Fifth Effort Results[/u]
Now I'm up to the final iteration - put the giant PD Passat oil/water cooler back in, but kept the sandwich plate and the tube & fin cooler. Ran around for an experiment this way, with both types of cooler mounted in parallel, but I was really choked to see that I was no better off than the First Effort Results. It was much better than the disasterous Fourth Effort, though.
Then, my eureka moment, I grabbed a section of 4" dryer ducting (coil spring tinfoil stuff), and jammed it into an S shape under the rear trailing arm of the suspension, zipped tying it so it gave me proper ram-air effect on the tube & fin cooler. It hangs lower than any point under the van and does a great job directing fresh ambient air to the tube & fin cooler.
Off I go for a test drive, really romp on it, and I can't get over 225 F oil temps. Eureka. Now for the acid test.
Took the 1000 lb trailer and fully loaded van up a notorious highway system in British Columbia, from Vancouver to Lake Okanagan, in 93 F ambient air temps. Dig the topograpy profile:

That treasure is followed by this one:

I saw over a dozen vehicles dead by the side of the highway that day. 93 F is ugly high heat for that kind of climb, unless your car is in excellent running condition.
I drove a little slower than usual, about 62 - 65 mph.
Oil temps stayed rock steady at 225 F until the steepest sections, at which point they climbed slowly to about 240 F. I backed off at that point, got down into 3rd gear and held 45 - 50 mph. Rocked past the dead vehicles and semis in the crawl lane. Had to get into 2nd gear for the last mile or so before Coquihalla Summit (just North of the avalanche tunnel, if you know this highway), but still could hold 30 mph and under 240 F oil temps.
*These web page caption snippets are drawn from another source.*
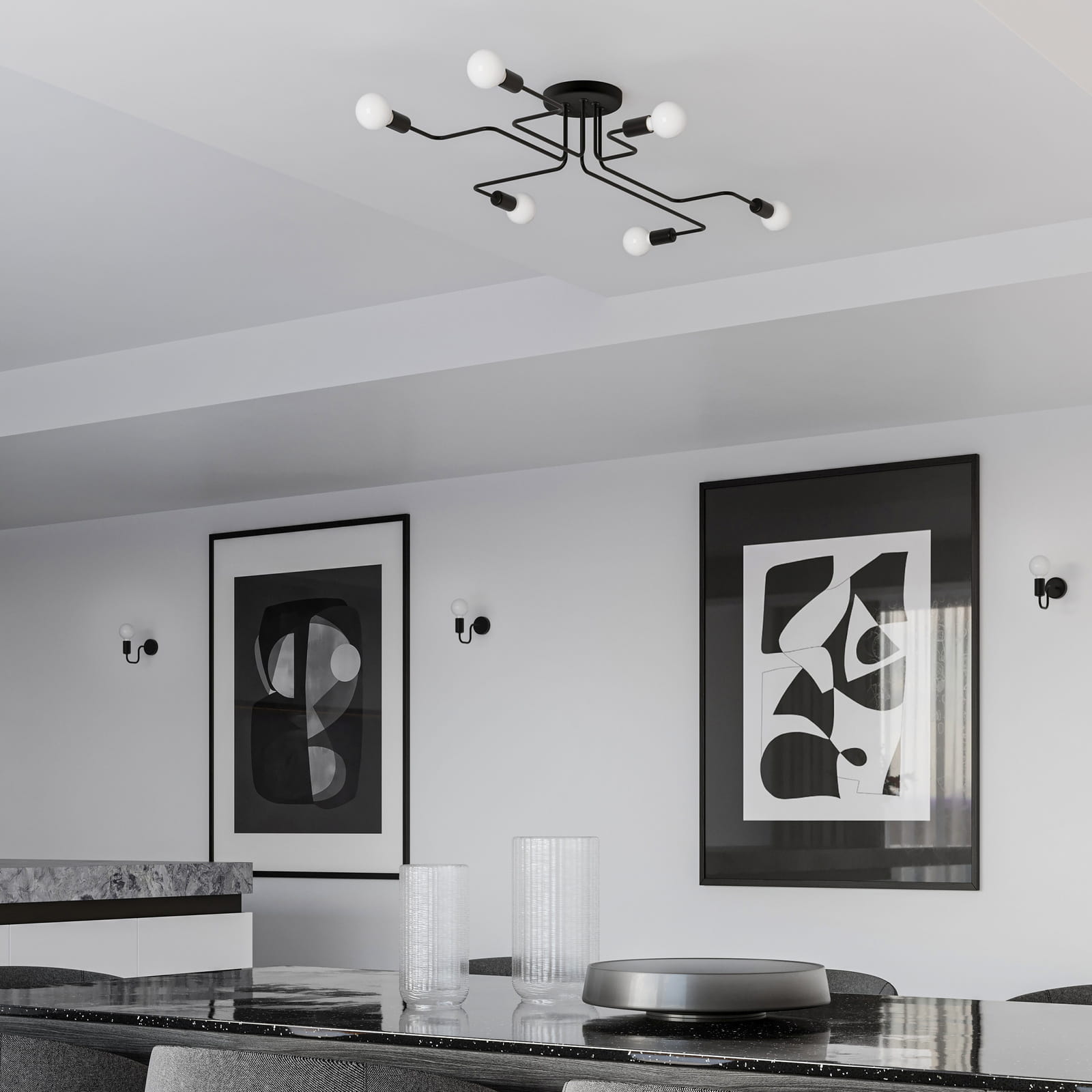 Czarna lampa sufitowa Vector z sześcioma źródłami światła E27, z metalową konstrukcją w minimalistycznym stylu. Ujęcie z góry, zamontowana na suficie, w nowoczesnym wnętrzu z grafikami na ścianach i eleganckim blatem.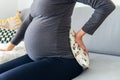 Pregnant woman sitting comfortably on the sofa and holding a therapeutic heat pillow on her lower back Royalty Free Stock Photo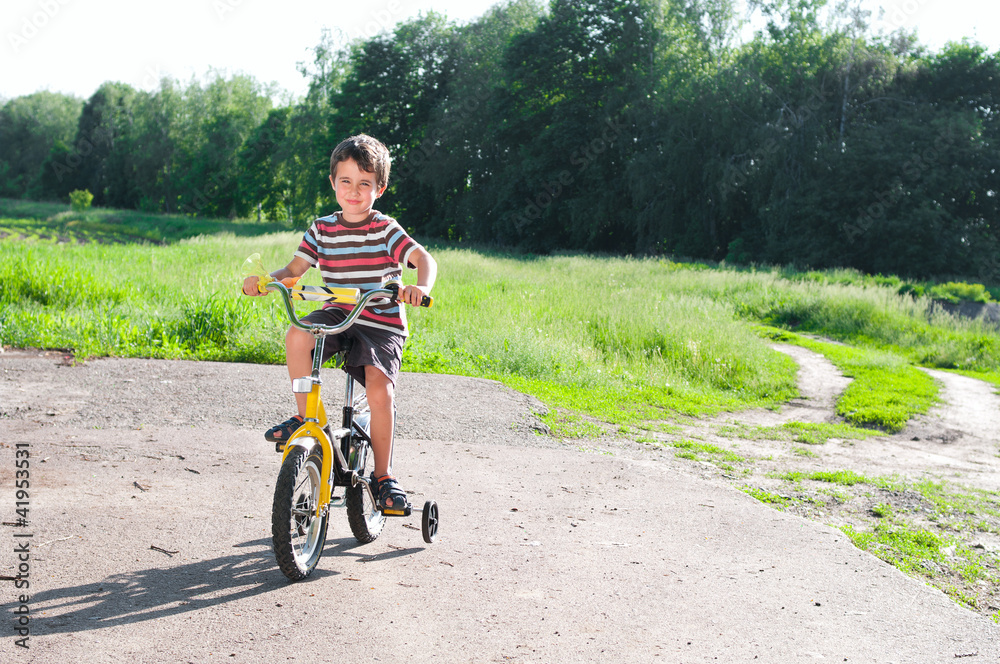 Obraz premium Little boy riding bike on country road outdoors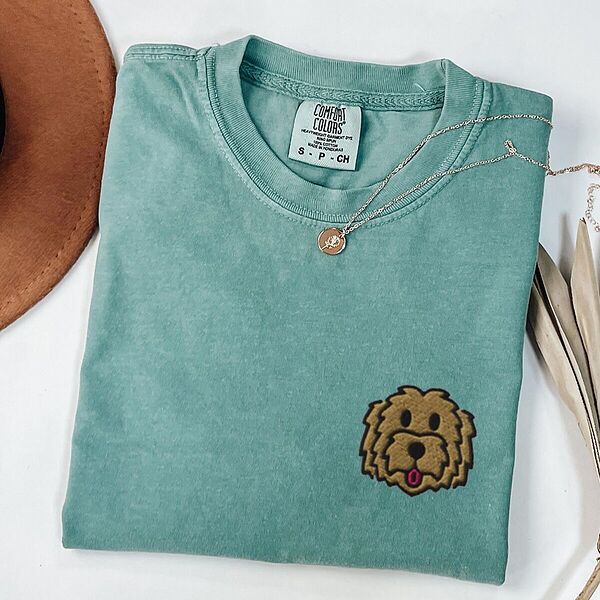 Light Green T-shirt laid flat with a hat and a necklace, embroidered with a shaggy golden doodle face on the left chest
On the way back home, ambient air was only 83 F, and again I had no trouble holding 225 F for most of the trip. Although the long climb back from Lake Okanagan to Pennask Summit had me in 3rd gear at 50 mph and 240 F for almost all of it. Acceptable results, I thought. If I could have ditched the trailer, I bet I could have kept the oil temps down enough to hold 60 + mph in 4th gear.
So there's my dissertation on the subject. I'm very pleased with the oil/water and tube & fin coolers both working in parallel, as long as the tube & fin cooler has enough fresh air flow. The dryer ducting is ghetto as hell to look at, but really effective. Just have to make sure it doesn't chafe the brake line on that trailing arm.
Once more for Karl - oil temps rocket up disproportionately to EGT or water temps in IDI-powered Vanagons. It's a fact. I never really even had to watch my EGT gauge before, because I had to ***-foot around the oil temps so much that I never even got into sustained boost of the sort that could bring high EGTs.